Il ritorno al River Plate e la chiamata di Scaloni

Dal sogno di bambino alla maglia dell’Albiceleste

Le sue prestazioni convincono il River Plate a richiamarlo e offrirgli un contratto fino al 2028. Marcelo Gallardo lo reinserisce in squadra e Rivero, passo dopo passo, supera colleghi ben più esperti. A ventun anni diventa titolare in campionato e si guadagna il rispetto dello spogliatoio.

Il 3 ottobre 2025 arriva la notizia che cambia tutto: Lionel Scaloni lo convoca per la prima volta nella Nazionale maggiore, per le amichevoli contro Venezuela e Porto Rico negli Stati Uniti. Una sorpresa che lascia di stucco i tifosi e commuove chi conosce la sua storia. Per Rivero non è solo una convocazione: è la conferma che la strada non è una condanna, ma un punto di partenza.

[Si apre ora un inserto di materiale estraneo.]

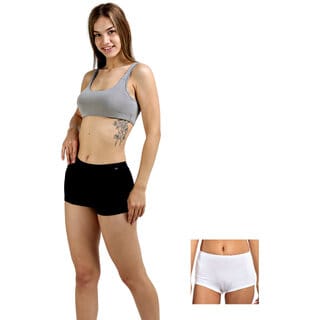 AshleyandAlvis Micro Modal, Anti Bacterial, Skinny Soft, Premium Boysleg Women Boy Short Black, White Panty  (Pack Of 2)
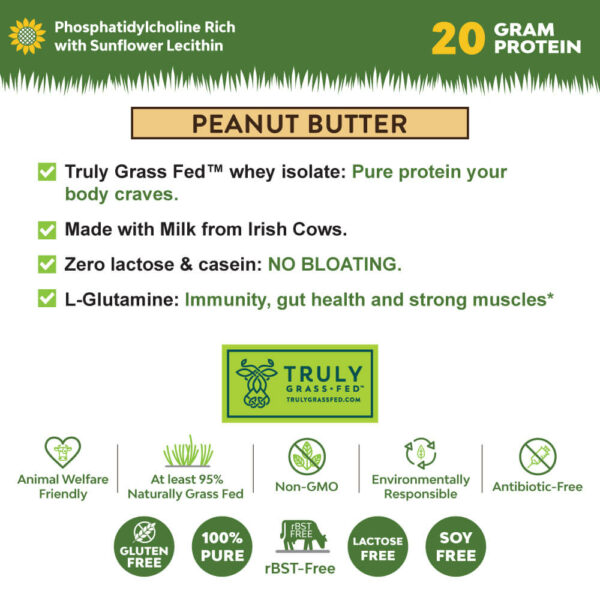 Whey Isolate Protein Powder Peanut Butter Icons Info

Il simbolo di un’Argentina che non smette di sognare

La “Scaloneta” non è solo una squadra di campioni del mondo, ma anche un laboratorio umano dove trovano spazio talento e sacrificio. Scaloni lo ha capito: per vincere serve più del talento, serve fame. E nessuno, come Rivero, può insegnare cosa significhi quella parola. Oggi il difensore del River è diventato un’icona silenziosa per molti giovani argentini che vivono situazioni simili. La sua storia non parla di miracoli, ma di perseveranza, lavoro e dignità. Dal semaforo al Santiago Bernabéu, dal profumo di caramello al sudore dello spogliatoio: Lautaro Rivero è la prova che anche i sogni con le mani sporche possono diventare veri.